INFORMATION SUPPLIED =>
-*-*-

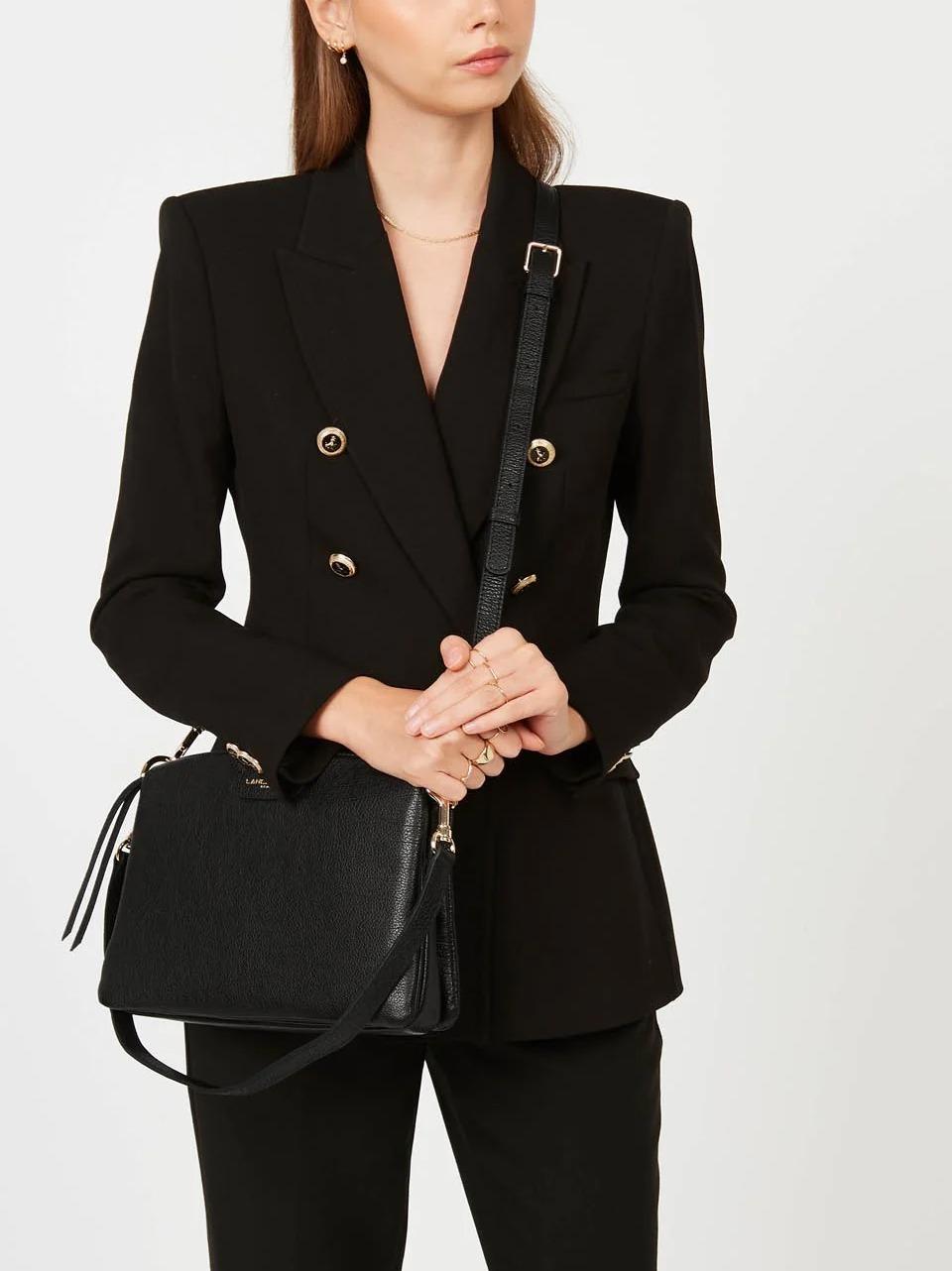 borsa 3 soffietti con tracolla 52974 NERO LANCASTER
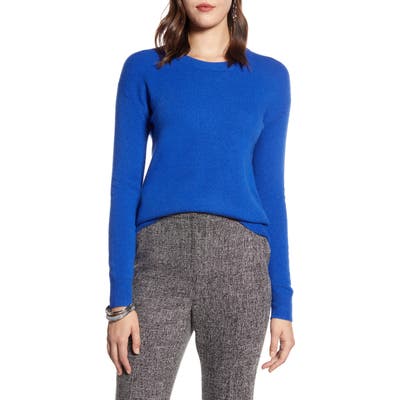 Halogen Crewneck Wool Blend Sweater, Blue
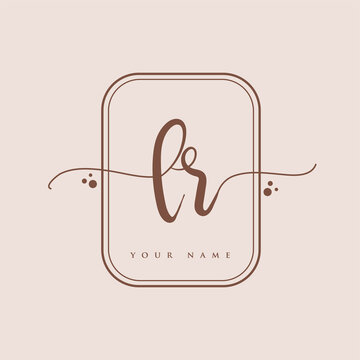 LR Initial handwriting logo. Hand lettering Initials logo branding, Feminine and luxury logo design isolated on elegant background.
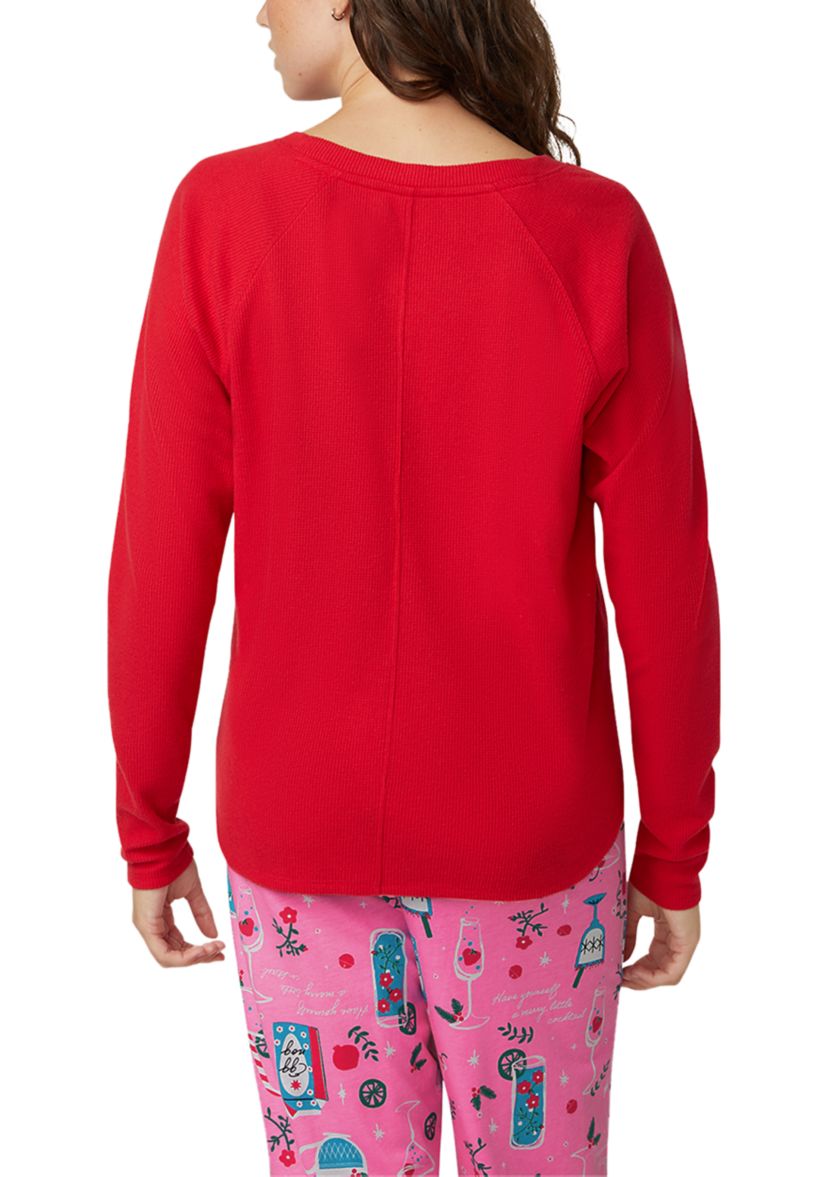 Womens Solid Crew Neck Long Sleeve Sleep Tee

-*-*-

YOUR GOAL => Please print everything in the material exactly, apart from the pictures.

REPLY TO THE TASK =>
 borsa 3 soffietti con tracolla 52974 NERO LANCASTER
 Halogen Crewneck Wool Blend Sweater, Blue
 LR Initial handwriting logo. Hand lettering Initials logo branding, Feminine and luxury logo design isolated on elegant background.
 Womens Solid Crew Neck Long Sleeve Sleep Tee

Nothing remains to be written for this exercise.